"If nothing else, the dramatic changes in the marital landscape over the decades has proven that marriage can be an incredibly adaptable and inclusive institution-if it's called on to be so."
This is the bold statement which begins to sum up one of Seal Press's newest releases, "The New I Do: Reshaping Marriage for Skeptics, Realists and Rebels". It's only a hair over 200 pages, yet it is packed with information. I underlined a phrase nearly every page and my copy is littered with post notes.
Authors Susan Pease Gadoua and Vicki Larson offer ways to reshape and redo marriage since nearly half of all contemporary marriages still end in divorce.They believe that "rather than continue to encourage people to cram themselves into an old model that isn't working for many....we want to acknowledge what's already happening and encourage you to think about new ways to marry."
New ways indeed. They offer several options: the Starter Marriage, Companionship Marriage, Parenting Marriage, Living Alone Together Marriage, Covenant Marriage, Safety Marriage and the Open Marriage. Gadoua and Larson lay out the pros and cons of each option, along with any relevant history or origins. They also make it clear that while some partnerships may end, to view the marriage as failed would be a mistake. The authors believe "marriage should be considered 'successful' by what it has accomplished, not by how long it lasts".
These choices show that there are many ways to do marriage and while your neighbor's or your best friend's marriage may not look like yours, if it works for them, who's to judge? One aspect that is highlighted throughout the book is this idea of a "real" marriage. Many people have a stereotypical idea of what a "real" marriage looks like: "Too often we are presented with the false choice between a life-long loving marriage and a lonely, un married life. But those are far from the only options." And the authors include several real life interviews from people, already adapting these marriages to their own lives.

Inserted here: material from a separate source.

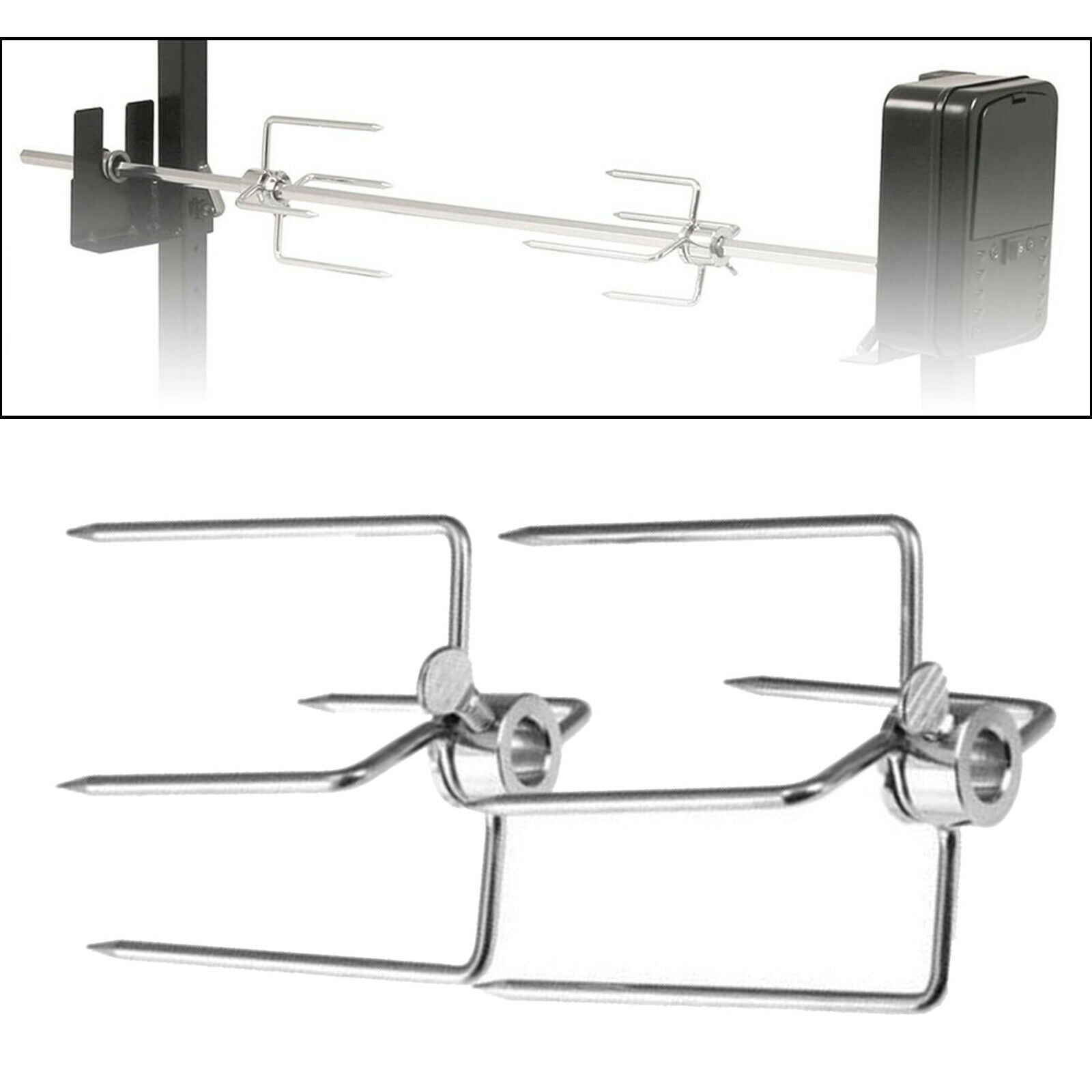 2x Rotisserie BBQ Spit Fork Chicken Beef Charcoal Grill Barbecue Accessories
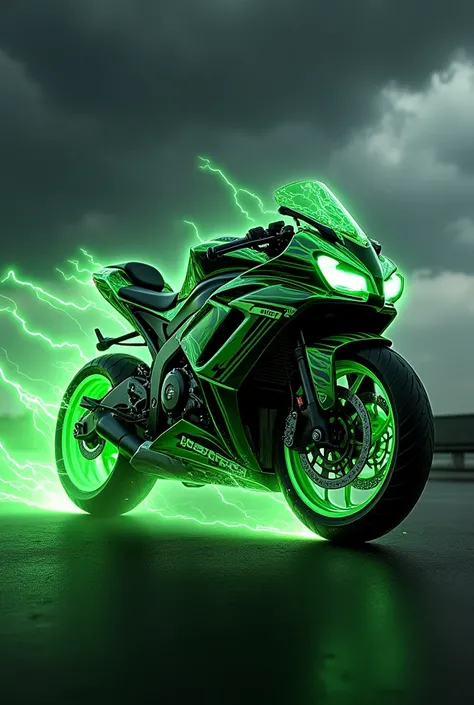 A green lightning bolt in the form of a Kawasaki Ninja 300 motorcycle, beast style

A chapter on pre-nuptial agreements rounds out the book and it's a good place to end. One of the biggest themes of the book is about communication. Very few marriages survive broken communication and unresolved mis-understandings. The book states that "there's a huge disconnect in how people conceptualize marriage and how they act once they're in it." Pre-nuptial agreements aside, to begin to implement any of these marriage options requires a lot of communication. Even if you choose none of these marriages, opening the discussion about these options and what they offer could be beneficial to a partnership.
Marriage and the many ways it is included in peoples' lives are always being analyzed and rehashed, least of all with gay marriage becoming legal in many places, both domestic and abroad. This book adds to the conversation that marriage is a changeable, permeable aspect of our society. The advice and options offer a new and important take on marriage for the 21st century and how to make it last or not with the changing times.